Abstract

To favor transition towards sustainable agricultural systems, the agricultural sector needs to reduce its dependence on external inputs. From an ecological economics perspective, this requires the simultaneous fulfillment of a gross energy surplus on the farm (production condition), and a greater recirculation of the production extracted from the agroecosystem (reproduction condition). Using eight smallholder farms, this study focuses on the processes of recirculation and externalization of biomass, materials and energy flows in the agroecosystem.
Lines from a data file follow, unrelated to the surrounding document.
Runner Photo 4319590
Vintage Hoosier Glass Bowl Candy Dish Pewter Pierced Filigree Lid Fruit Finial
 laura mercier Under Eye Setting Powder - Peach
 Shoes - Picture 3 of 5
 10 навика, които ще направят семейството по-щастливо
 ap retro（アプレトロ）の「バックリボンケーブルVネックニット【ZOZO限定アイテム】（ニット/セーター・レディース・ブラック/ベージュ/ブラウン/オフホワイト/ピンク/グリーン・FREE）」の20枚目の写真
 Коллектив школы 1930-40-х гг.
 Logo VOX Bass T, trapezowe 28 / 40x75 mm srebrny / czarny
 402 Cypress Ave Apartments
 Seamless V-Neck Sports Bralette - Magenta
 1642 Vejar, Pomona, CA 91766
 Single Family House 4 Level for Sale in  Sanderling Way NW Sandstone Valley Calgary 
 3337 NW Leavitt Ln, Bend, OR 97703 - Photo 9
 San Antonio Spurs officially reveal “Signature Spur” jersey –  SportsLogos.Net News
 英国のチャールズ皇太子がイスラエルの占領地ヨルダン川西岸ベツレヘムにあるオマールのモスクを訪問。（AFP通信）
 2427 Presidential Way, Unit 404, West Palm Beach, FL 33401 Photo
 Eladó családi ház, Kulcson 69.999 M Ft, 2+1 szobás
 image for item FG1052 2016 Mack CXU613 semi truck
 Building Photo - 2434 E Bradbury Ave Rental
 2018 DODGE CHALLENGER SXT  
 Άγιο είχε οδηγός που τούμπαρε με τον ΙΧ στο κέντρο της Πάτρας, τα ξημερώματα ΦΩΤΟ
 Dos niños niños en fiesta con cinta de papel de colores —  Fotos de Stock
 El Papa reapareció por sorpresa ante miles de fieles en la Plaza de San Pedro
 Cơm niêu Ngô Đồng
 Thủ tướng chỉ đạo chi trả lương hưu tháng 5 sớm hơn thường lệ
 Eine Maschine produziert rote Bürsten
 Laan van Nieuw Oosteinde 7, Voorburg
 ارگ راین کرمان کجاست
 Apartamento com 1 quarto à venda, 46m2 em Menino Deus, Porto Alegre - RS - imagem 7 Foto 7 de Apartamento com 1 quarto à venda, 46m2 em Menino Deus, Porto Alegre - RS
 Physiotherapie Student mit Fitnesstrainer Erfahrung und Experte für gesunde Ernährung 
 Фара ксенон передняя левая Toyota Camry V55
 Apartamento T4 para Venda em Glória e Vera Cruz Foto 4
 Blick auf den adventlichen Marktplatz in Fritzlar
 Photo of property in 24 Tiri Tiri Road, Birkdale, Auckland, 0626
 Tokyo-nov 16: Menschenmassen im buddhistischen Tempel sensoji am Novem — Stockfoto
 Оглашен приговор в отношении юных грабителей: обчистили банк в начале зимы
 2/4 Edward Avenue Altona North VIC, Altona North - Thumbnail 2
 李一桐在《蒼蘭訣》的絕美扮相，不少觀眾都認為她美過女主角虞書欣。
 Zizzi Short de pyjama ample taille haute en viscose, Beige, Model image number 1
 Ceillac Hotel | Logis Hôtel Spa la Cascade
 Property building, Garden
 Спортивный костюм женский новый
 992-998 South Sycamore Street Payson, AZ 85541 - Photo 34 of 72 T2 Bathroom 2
This is carried out through analyzing the MEFA (Material and Energy Flow Analysis) matrix by means of energy return on the investment indexes of inputs or externalizations (EFEROI), recirculations (IFEROI), joint efficiency (NPPact EROI) and labour efficiency (W EROI), all of which impact upon farm-scale decision-making related to yield and cost-benefit situations. Agrarian fossilization indices are applied to include an assessment of farm non-renewable energy profiles. The results indicate a restriction of inputs in conventional farm-operators and a troubling use of indirect fossil-fuel in organic operators, together with a weakening of the agroecosystem reproductive processes by means of external inputs for both systems. To guide the agrarian transition, farming strategies need to focus on reducing indirect fossil-fuel energy consumption, rather than relying on technological substitutions.